I apologized for the delay and told Monica about the broken-down walkway. “Bienvenido a mi país desordenado (Welcome to my disorganized country),” she said as she explained that the airport was brand new, but that things rarely run smoothly in Colombia.
This fundamental contradiction between development and inequality, discord and prosperity is a theme that came up again and again throughout my first few days in Colombia. Everywhere you look there are two Colombias, the one for the rich and the one for the poor.

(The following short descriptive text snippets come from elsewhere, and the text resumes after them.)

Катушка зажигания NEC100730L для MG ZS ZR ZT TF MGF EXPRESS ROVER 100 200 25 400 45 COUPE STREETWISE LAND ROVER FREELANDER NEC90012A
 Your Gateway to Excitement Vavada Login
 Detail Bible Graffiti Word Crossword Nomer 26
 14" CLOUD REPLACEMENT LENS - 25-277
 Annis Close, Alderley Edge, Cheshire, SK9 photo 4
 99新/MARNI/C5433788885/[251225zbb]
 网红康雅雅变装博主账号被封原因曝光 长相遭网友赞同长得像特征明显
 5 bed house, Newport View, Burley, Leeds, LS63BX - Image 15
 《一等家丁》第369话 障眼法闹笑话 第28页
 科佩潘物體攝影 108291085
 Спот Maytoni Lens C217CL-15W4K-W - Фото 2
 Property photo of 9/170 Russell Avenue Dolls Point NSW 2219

This stark divide is visible across the city: in the heavy security that separates the city from UniAndes (which Monica described as another world “otro mundo”), in the squatter neighborhood that stands like a disorganized pile of rubble against the backdrop of a billion-dollar residential development, and most dramatically in the north (rich)/ south (poor) divide that splits Bogota in half.
Monica, while dropping me off at my hostel in La Candelaria, told that she rarely ever goes to the center of the city, and while she didn’t say it explicitly she implied that the area to the south of the center was not an area she would consider visiting.
Later, on top of Monserrate, after hearing of the north/south divide from our tour guide, Andres, my fellow classmate and traveller, Olivia Snarski, waxed philosophical: “That’s so interesting, I want to wright a novel about a tragic love story between the north and south,” she said evoking images of in my mind of Romeo and Juliet and he West Side Story – classic tales if star-crossed lovers.
The socio-economic stratification in Colombia not just informal, it is also institutionalized in the country’s progressive tax code. People receive a tax ranking on a scale of one to six, one being the poor (like those living in the squatter settlements I described above) and six being the ultra rich (those who can afford to send their children to UniAndes without a scholarship). This score is based in part on ones income and in part on the neighborhood in which you live. Andres said that even if his ecotourism business were to take off and he started making fistfuls of money, he would still be considered a level two because he is a rent-payer living in Candelaria. Both Monica and Andres used this scale to describe the neighborhoods we passed as we traversed the city on our respective tours.
It has only been a week since I landed in Bogota. First impressions abound. Ask me again in two months whether these impressions stand up to the test of time.